Large Pre-Trained and Multi-Modal Models: Efficiency, Scalability, and Performance

Report on Current Developments in the Research Area

General Direction of the Field

The recent advancements in the research area are primarily focused on enhancing the efficiency, scalability, and performance of large pre-trained models (LPMs) and multi-modal models, particularly in the context of natural language processing (NLP) and computer vision. The field is moving towards more parameter-efficient fine-tuning methods, dynamic and scalable model architectures, and innovative techniques to mitigate common issues such as hallucination in visual-language models and the high computational costs associated with large models.

  1. Parameter-Efficient Fine-Tuning (PEFT): There is a significant shift towards developing PEFT methods that not only reduce the memory footprint but also improve the generalizability and efficiency of fine-tuning processes. These methods leverage mathematical techniques like singular value decomposition (SVD) to initialize low-rank matrices, thereby optimizing the starting points for gradient descent and enhancing the adaptability of pre-trained models to new tasks.

  2. Multi-Modal Model Alignment and Fusion: The integration of knowledge from uni-modal models into cohesive multi-modal representations is a growing area of interest. Recent approaches focus on creating unified multi-directional connectors that facilitate the fusion of specialized expertise from various uni-modal models, enabling efficient scaling to new tasks and modalities without altering the model architecture.

  3. Scalable and Efficient Model Pruning: Pruning methodologies are being refined to address the computational challenges posed by large models, particularly Mixture-of-Experts (MoEs). The field is exploring structured pruning techniques that can precede unstructured pruning, leading to superior performance with reduced computational complexity. These methods aim to leverage latent structures between experts to achieve scalable and efficient pruning.

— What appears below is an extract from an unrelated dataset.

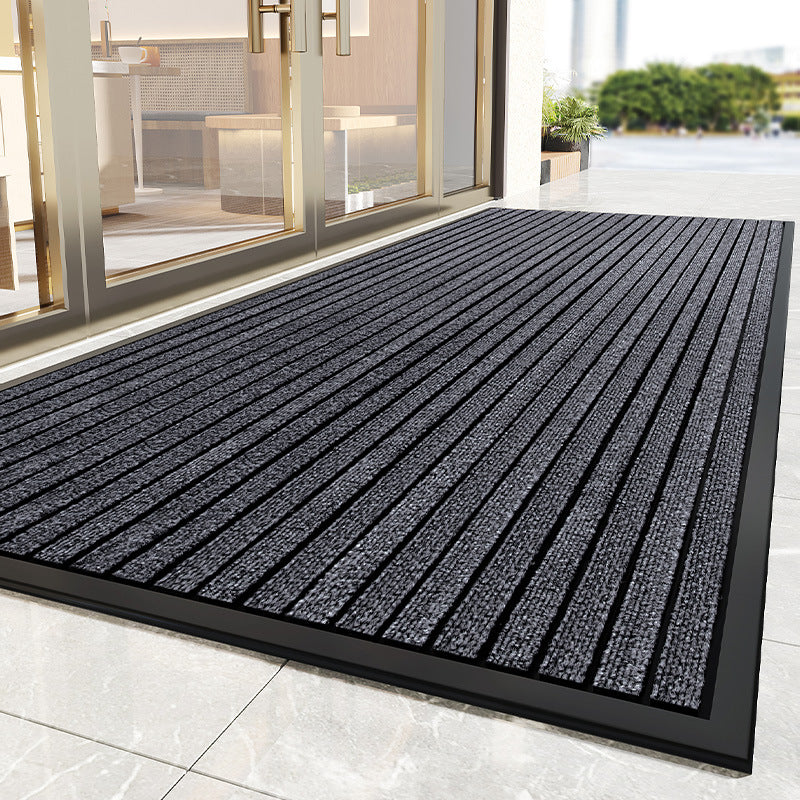 Home Entrance Mat Bowlift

  4. Mitigating Hallucination in Visual-Language Models: There is a concerted effort to address the issue of hallucination in visual-language models by re-balancing the attention distribution between textual and visual tokens. New decoding methods are being developed to reduce textual bias and enhance the model's reliance on visual information, thereby improving the accuracy and reliability of multimodal outputs.

  5. Efficient Diffusion Model Fine-Tuning: The fine-tuning of diffusion models is being optimized to make better use of temporarily ineffective parameters, enabling the adaptation of pre-trained models to new tasks without overfitting. These methods incorporate sparse low-rank adaptation and progressive parameter adjustment strategies to enhance the generative capabilities of pre-trained models while maintaining their generalization ability.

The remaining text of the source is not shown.